#### Assignment
Give again, exactly as written, the lines of the records below from the line with "Start with our" to the line with "I want to show". Both end lines count; pictures do not.

#### Entries provided

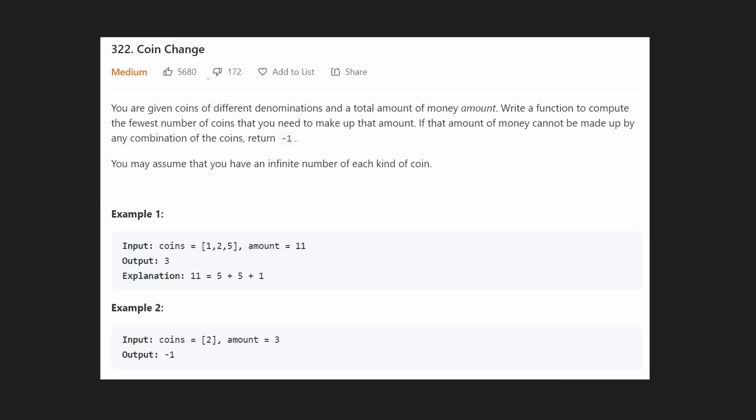Hey everyone, welcome back and let's write some more neat code today. Let's solve another classic dynamic programming problem: coin change.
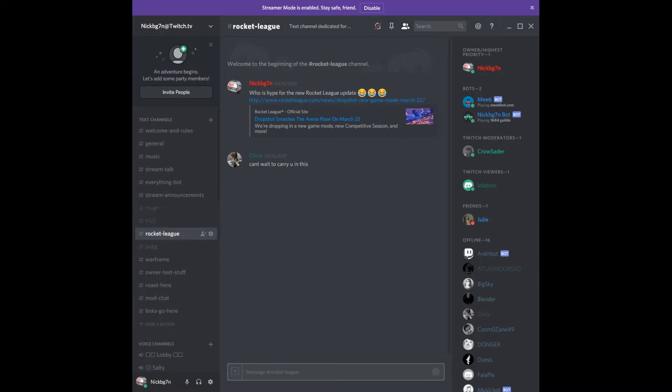But in my Discord, I really don't mute anything because I like when people talk — except this one guy, you know.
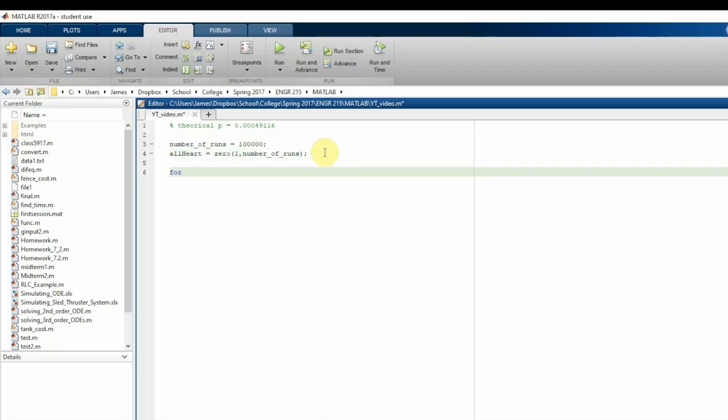We want to run this 100,000 times, so we're going to create a for loop that goes from one to `number_of_runs`.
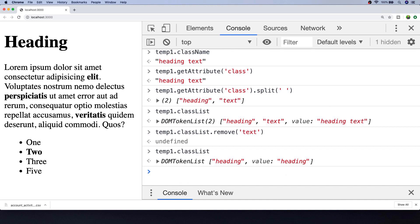If you want some more information on how to manage classes using the classList property, check out the JavaScript how-to that goes into depth on how to add and remove classes on particular elements.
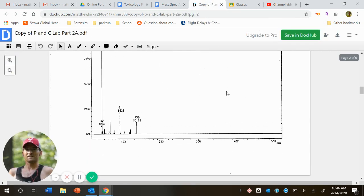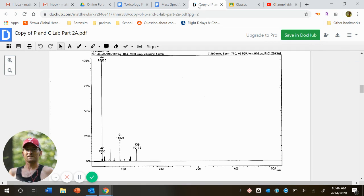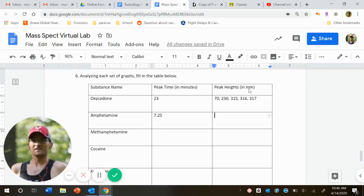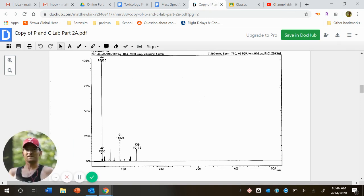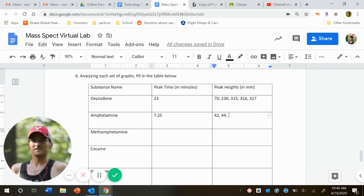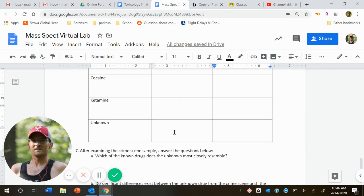And then our peak heights. Okay, 42, 44. So 42, 44, 91, and 136. And then I would continue doing these for the rest of our drugs.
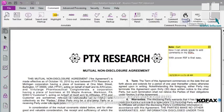As you have learned, these are some of the powerful annotation tools that you can use next time you need to mark up your PDF documents.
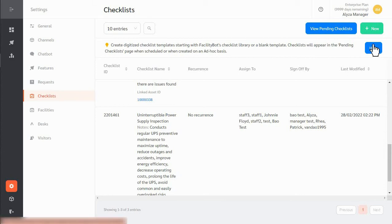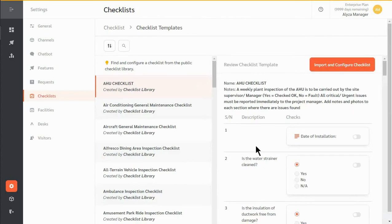Start with our library of popular checklists and easily configure the checklist using the inbuilt form builder.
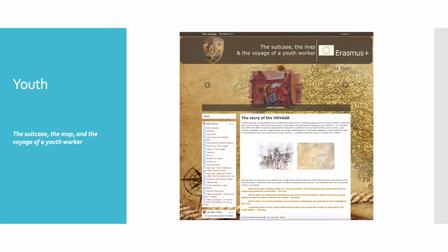In the field of youth, we could highlight the project 'The Suitcase, The Map and the Voyage of a Youth Worker,' aimed at creating online tools that could facilitate young people's professional life planning, including non-formal learning, in addition to a basic knowledge at European level for the future youth worker.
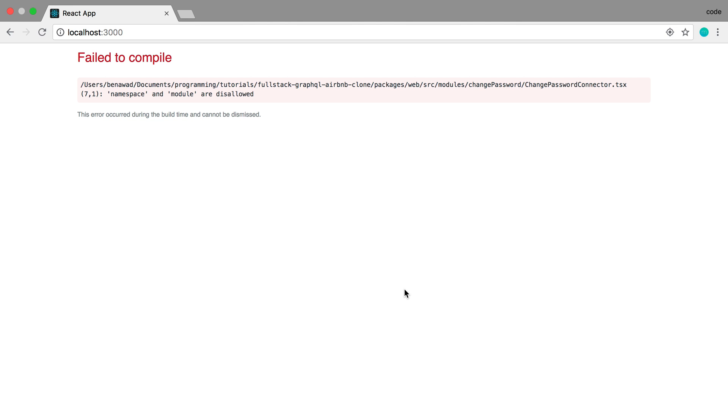I'm going to try upgrading the Airbnb clone to TypeScript 3. I haven't tried this before, so I'm not sure how many errors we're going to come across.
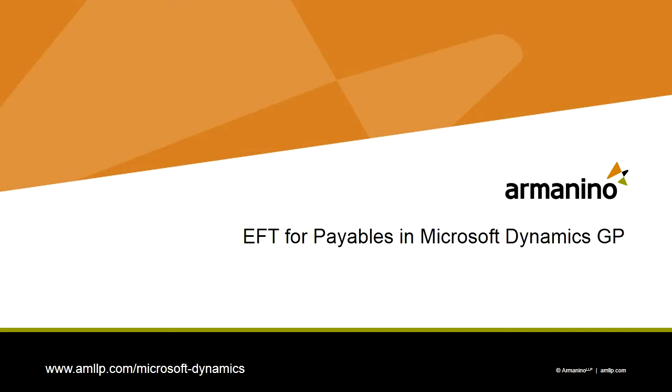I want to show you a simple example of how to set up and use the EFT functionality for payables within Dynamics GP. It's really a nice little module. It's easy to set up and allows you to make EFT payments to your vendors right from Dynamics GP. So let's take a look at it.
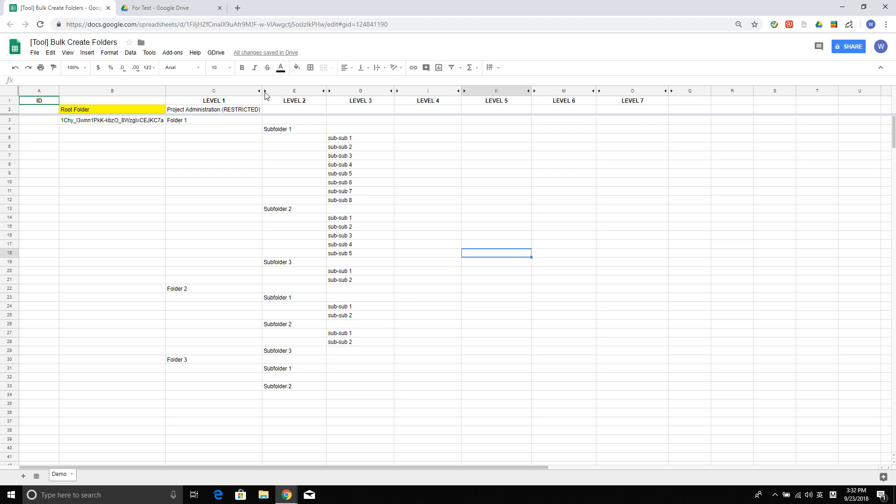This sheet with the script I will share with you in the description of this video. Okay, let's start.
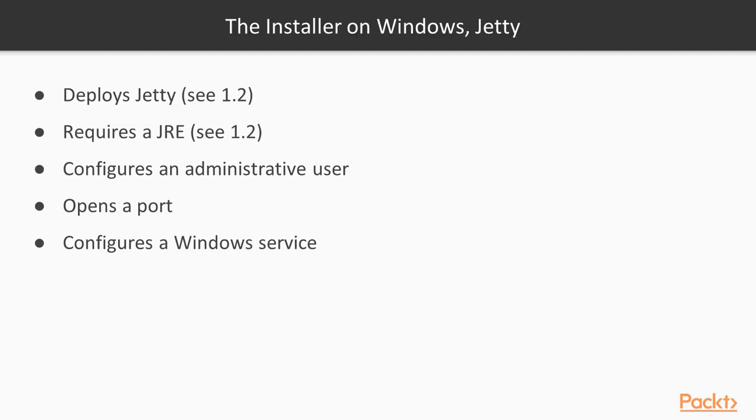We will be using the GeoServer installer to handle most of the details of the installation for us. The installer deploys GeoServer with the Jetty Servlet container embedded. It depends on a JRE already being installed. These topics are both covered in video 1.2.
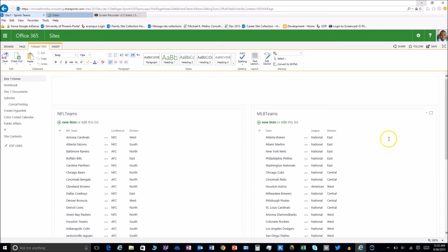So there you go, we accomplished all that without having to add complexity by creating a subsite.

#### Response to this task
Start with our library of popular checklists and easily configure the checklist using the inbuilt form builder.
In the field of youth, we could highlight the project 'The Suitcase, The Map and the Voyage of a Youth Worker,' aimed at creating online tools that could facilitate young people's professional life planning, including non-formal learning, in addition to a basic knowledge at European level for the future youth worker.
I'm going to try upgrading the Airbnb clone to TypeScript 3. I haven't tried this before, so I'm not sure how many errors we're going to come across.
I want to show you a simple example of how to set up and use the EFT functionality for payables within Dynamics GP. It's really a nice little module. It's easy to set up and allows you to make EFT payments to your vendors right from Dynamics GP. So let's take a look at it.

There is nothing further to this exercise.